Output, exactly as written, the lines below from the one that has "HI license plate ZCW407" through the one that has "16 KANAL 1080N"; nothing else, and no pictures.

▶ [Exercise data]:
====

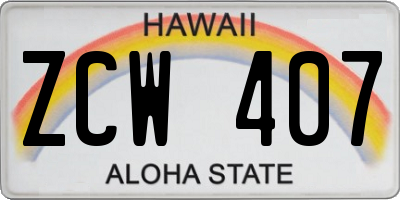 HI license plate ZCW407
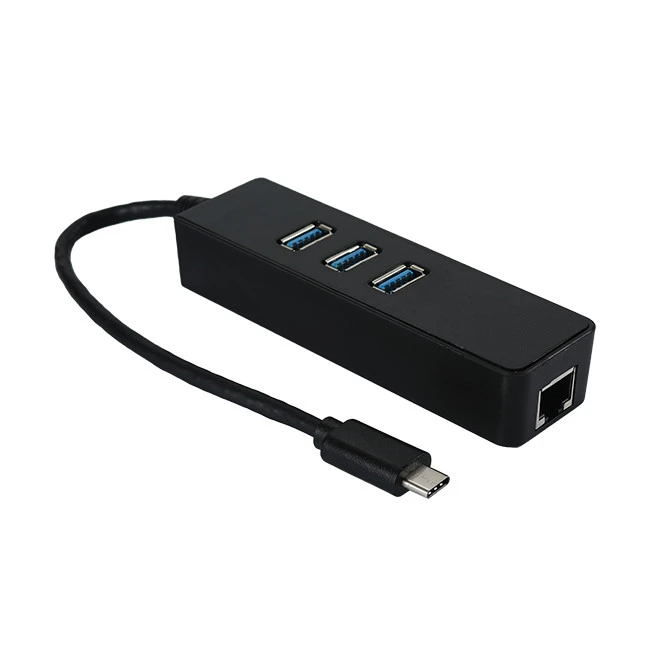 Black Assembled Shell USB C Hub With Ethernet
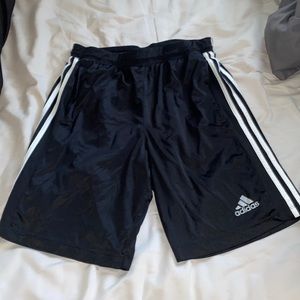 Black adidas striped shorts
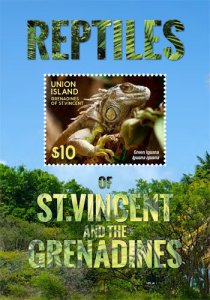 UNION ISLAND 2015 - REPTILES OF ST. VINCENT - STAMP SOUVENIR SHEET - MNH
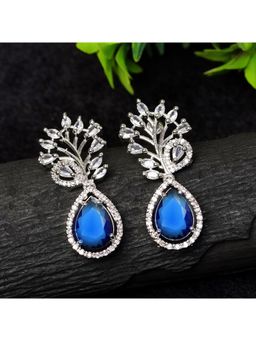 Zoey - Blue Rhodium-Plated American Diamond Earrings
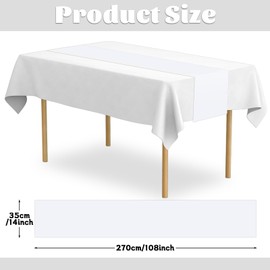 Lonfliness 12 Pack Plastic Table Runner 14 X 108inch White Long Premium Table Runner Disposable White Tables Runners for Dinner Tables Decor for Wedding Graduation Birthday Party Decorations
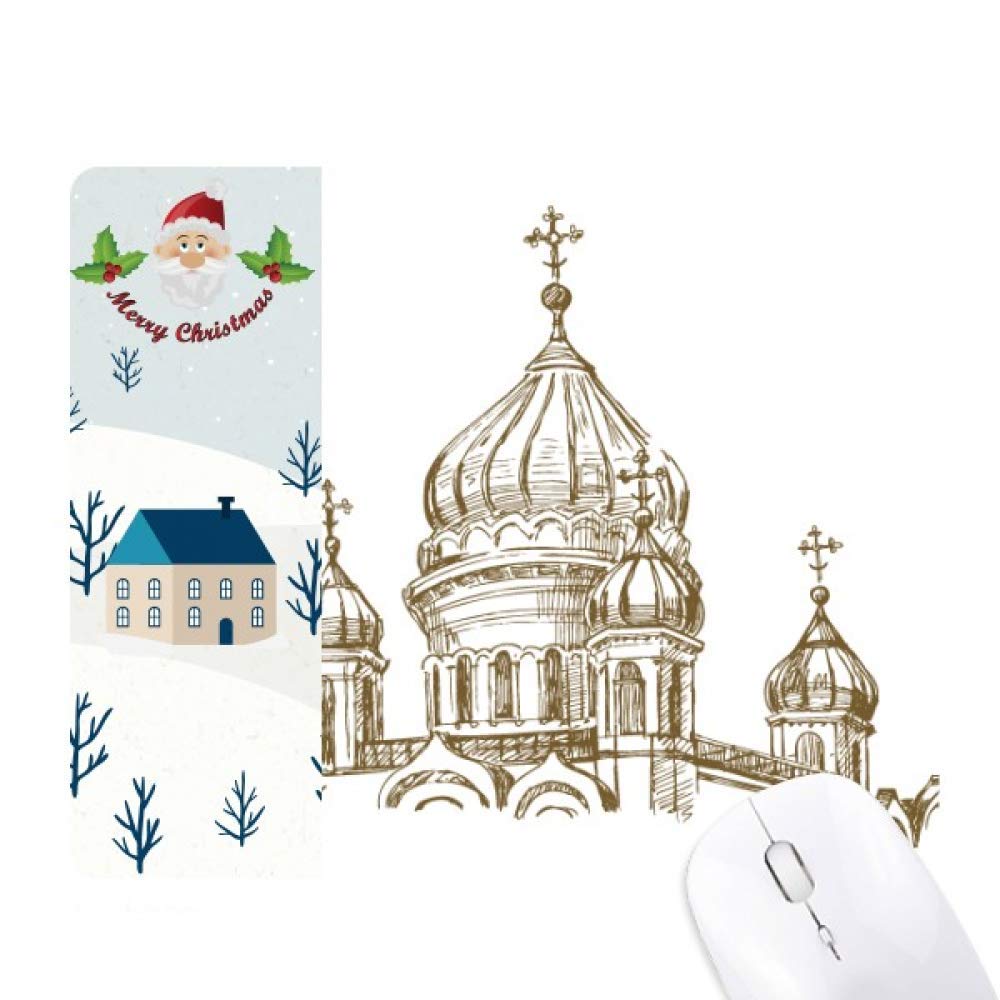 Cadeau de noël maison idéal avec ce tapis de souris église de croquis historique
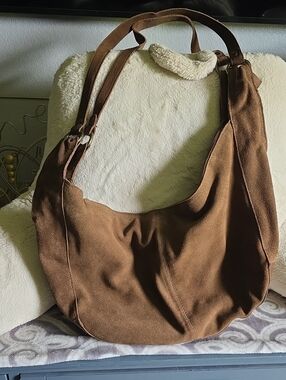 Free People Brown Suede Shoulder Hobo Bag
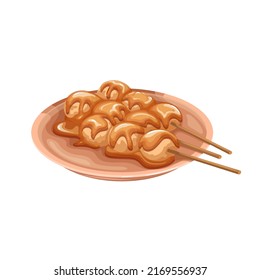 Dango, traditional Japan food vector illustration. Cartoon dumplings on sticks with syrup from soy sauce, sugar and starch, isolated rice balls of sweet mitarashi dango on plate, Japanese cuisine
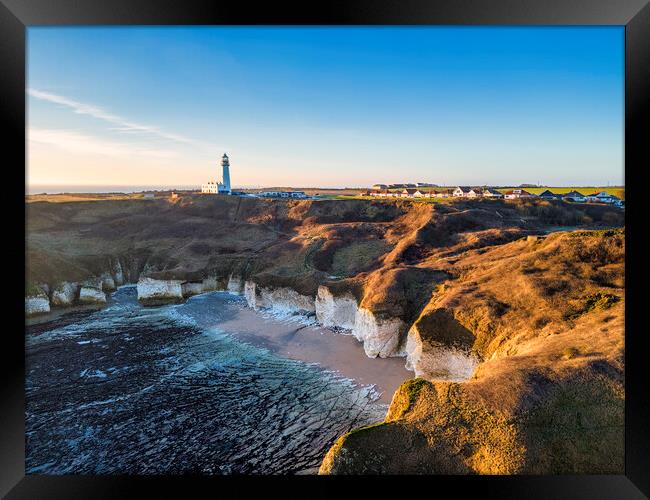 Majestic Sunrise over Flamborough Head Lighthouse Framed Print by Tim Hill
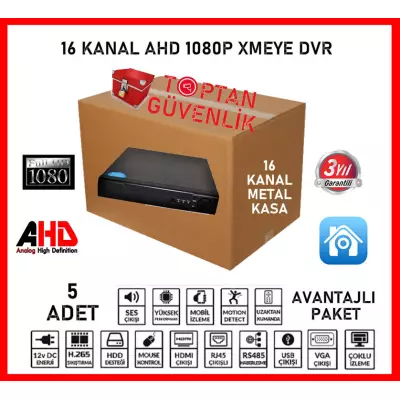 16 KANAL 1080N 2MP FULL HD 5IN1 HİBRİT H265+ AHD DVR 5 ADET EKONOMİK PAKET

====

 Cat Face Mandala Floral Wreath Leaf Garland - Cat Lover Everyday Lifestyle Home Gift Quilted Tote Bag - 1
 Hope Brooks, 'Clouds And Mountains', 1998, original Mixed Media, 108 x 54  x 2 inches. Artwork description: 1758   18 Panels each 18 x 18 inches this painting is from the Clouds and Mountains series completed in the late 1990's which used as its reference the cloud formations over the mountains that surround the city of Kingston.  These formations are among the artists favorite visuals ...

====

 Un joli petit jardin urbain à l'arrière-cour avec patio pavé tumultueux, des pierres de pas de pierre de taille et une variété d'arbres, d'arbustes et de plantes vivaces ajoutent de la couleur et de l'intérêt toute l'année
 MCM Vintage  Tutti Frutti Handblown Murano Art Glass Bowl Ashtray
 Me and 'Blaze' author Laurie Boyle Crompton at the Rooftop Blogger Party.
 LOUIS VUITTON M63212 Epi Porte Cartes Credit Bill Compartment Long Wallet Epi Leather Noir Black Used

====

▶ [Result]:
 HI license plate ZCW407
 Black Assembled Shell USB C Hub With Ethernet
 Black adidas striped shorts
 UNION ISLAND 2015 - REPTILES OF ST. VINCENT - STAMP SOUVENIR SHEET - MNH
 Zoey - Blue Rhodium-Plated American Diamond Earrings
 Lonfliness 12 Pack Plastic Table Runner 14 X 108inch White Long Premium Table Runner Disposable White Tables Runners for Dinner Tables Decor for Wedding Graduation Birthday Party Decorations
 Cadeau de noël maison idéal avec ce tapis de souris église de croquis historique
 Free People Brown Suede Shoulder Hobo Bag
 Dango, traditional Japan food vector illustration. Cartoon dumplings on sticks with syrup from soy sauce, sugar and starch, isolated rice balls of sweet mitarashi dango on plate, Japanese cuisine
 Majestic Sunrise over Flamborough Head Lighthouse Framed Print by Tim Hill
 16 KANAL 1080N 2MP FULL HD 5IN1 HİBRİT H265+ AHD DVR 5 ADET EKONOMİK PAKET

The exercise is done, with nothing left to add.